Asked what the top three mistakes are that people make in selling
ideas, Shell notes that the number one-error is "egocentric bias," or
"focusing on yourself instead of your audience. People assume that the
person they are trying to sell on their idea is just like them, that he
or she has the same primary goals and frame of reference, and that what
they are talking about is important to the other side. But other people
may not care at all about what is important to you.... It's a killer
assumption."

A second mistake is the belief that there are no systematic ways to
persuade people to accept an idea. "A lot of people just wing it,
thinking they can count on their own experience and instinctive powers
of persuasion to carry the day," says Shell. "But in fact, you do need
a strategy. That is what this book is about."
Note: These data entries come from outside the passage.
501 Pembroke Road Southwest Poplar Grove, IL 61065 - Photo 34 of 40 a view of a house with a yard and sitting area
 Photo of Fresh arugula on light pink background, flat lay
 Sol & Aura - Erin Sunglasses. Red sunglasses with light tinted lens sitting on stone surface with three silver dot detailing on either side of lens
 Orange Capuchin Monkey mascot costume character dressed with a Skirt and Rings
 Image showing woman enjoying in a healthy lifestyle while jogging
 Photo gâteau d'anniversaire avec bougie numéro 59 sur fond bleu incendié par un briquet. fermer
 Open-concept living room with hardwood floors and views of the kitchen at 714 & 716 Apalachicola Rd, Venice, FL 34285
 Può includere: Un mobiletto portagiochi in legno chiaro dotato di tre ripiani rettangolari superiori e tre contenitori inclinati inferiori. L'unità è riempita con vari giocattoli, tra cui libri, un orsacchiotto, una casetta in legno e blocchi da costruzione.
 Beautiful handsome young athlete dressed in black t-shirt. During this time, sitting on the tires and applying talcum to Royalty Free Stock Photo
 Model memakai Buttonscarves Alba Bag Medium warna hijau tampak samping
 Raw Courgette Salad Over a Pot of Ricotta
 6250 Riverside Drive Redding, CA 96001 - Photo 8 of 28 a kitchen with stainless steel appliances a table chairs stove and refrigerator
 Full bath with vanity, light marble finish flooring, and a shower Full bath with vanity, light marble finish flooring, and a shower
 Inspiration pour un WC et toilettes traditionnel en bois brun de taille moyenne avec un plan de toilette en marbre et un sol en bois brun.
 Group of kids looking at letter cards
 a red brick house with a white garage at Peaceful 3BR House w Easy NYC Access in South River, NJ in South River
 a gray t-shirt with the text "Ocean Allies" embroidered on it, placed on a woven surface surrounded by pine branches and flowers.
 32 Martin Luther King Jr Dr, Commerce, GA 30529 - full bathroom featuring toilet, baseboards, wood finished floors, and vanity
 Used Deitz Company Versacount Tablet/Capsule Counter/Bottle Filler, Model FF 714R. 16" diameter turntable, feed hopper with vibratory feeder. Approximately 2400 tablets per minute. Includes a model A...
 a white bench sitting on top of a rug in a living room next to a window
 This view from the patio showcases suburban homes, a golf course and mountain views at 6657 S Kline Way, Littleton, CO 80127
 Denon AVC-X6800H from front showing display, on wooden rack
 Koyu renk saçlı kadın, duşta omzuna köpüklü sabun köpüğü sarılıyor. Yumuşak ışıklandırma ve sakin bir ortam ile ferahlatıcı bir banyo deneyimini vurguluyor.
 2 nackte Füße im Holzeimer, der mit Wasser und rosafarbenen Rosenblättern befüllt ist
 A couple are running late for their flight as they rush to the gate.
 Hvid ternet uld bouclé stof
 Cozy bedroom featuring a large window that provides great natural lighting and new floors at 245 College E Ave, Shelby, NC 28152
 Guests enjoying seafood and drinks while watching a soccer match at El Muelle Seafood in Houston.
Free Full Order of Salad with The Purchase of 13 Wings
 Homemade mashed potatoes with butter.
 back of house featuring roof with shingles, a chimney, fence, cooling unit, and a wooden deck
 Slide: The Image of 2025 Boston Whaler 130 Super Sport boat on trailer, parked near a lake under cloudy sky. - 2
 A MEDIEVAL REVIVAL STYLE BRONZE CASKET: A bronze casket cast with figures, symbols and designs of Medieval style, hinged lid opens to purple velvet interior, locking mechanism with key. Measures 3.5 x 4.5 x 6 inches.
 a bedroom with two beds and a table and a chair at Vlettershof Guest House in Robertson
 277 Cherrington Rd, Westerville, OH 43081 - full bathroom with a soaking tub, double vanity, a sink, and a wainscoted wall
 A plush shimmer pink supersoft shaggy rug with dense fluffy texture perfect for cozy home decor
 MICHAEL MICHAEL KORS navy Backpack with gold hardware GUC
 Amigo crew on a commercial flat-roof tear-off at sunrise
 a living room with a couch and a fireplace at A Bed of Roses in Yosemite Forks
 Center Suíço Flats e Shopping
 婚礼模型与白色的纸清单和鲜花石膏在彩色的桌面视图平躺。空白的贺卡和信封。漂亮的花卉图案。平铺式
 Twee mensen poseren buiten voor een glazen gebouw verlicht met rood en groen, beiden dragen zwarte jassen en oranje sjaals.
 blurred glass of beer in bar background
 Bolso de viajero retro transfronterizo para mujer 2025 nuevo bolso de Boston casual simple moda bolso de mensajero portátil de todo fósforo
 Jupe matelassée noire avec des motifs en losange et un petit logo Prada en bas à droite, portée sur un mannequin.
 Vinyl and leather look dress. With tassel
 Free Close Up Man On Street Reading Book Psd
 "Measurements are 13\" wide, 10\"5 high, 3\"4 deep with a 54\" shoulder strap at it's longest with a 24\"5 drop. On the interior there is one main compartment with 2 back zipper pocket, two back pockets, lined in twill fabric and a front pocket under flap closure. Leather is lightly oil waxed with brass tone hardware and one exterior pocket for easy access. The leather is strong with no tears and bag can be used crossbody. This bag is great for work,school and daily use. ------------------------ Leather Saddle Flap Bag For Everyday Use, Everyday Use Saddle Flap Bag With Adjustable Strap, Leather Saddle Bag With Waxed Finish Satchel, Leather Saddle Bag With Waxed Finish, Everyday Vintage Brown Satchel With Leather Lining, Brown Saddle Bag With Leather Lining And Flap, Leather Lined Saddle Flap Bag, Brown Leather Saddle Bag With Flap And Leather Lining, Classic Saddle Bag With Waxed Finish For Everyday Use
The third most common error is to forget about organizational
politics, as Charles Kettering did at General Motors. "Whenever a new
idea might affect resources, power, control or turf," Shell says,
"politics will be part of the problem at the implementation stage. You
need to prepare an idea-selling campaign, not just a presentation."

The authors suggest that people working in any group -- from the
largest Fortune 500 company to an entrepreneurial startup -- can
benefit from improving their skills at the art of persuasion. As Shell
notes: "Influencing others in an organization to accept and act on your
ideas is a challenge that never goes away."